JEAN D’ORMESSON : pensées d’anthologie

La télévision est un spectacle. C’est une tribune, une scène, un journal du monde, un stade, un cirque.
La télévision est une machine à montrer ceux qui y passent et à cacher ceux qui n’y passent pas.
Les hommes ne cessent jamais d’avoir peur. Des mécanismes obscurs nous rongent de l’intérieur. Être heureux est la forme la plus subtile d’un désespoir qui n’ose pas dire son nom.
Les hommes sont un peu comme Dieu : tout ce qu’ils peuvent faire, ils le font. Ou ils le feront.
Les honneurs, je les méprise, mais je ne déteste pas forcément ce que je méprise.
Les passions de la vie, des plus hautes aux plus basses, comme l’argent par exemple, font partie de la vie.
Les traditions – comme les femmes – sont faites pour être à la fois respectées et bousculées.
N’existent que les êtres dans l’espace et le temps. Dieu n’existe pas puisqu’il est éternel.

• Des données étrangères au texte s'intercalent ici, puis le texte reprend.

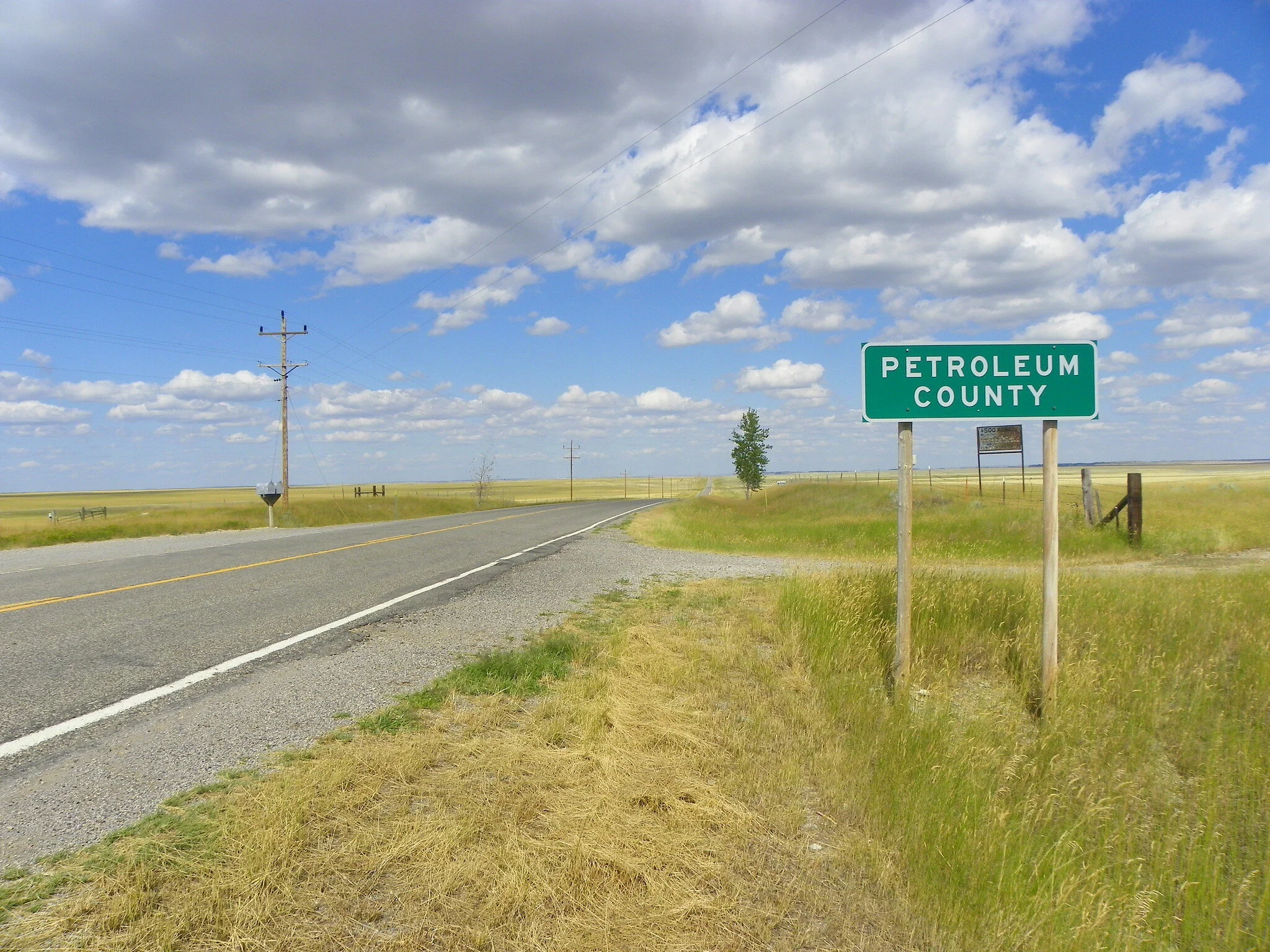 Petroleum County line. Image via Flickr .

Ne vous laissez pas abuser. Souvenez-vous de vous méfier. Et même de l’évidence : elle passe son temps à changer. Ne mettez trop haut ni les gens ni les choses. Ne les mettez pas trop bas. Non, ne les mettez pas trop bas. Montez. Renoncez à la haine : elle fait plus de mal à ceux qui l’éprouvent qu’à ceux qui en sont l’objet. Ne cherchez pas à être sage à tout prix. La folie aussi est une sagesse. Et la sagesse, une folie. Fuyez les préceptes et les donneurs de leçons. Jetez ce livre. Faites ce que vous voulez. Et ce que vous pouvez. Pleurez quand il le faut. Riez. J’ai beaucoup ri. J’ai ri du monde et des autres et de moi. Rien n’est très important. Tout est tragique. Tout ce que nous aimons mourra. Et je mourrai moi aussi. La vie est belle.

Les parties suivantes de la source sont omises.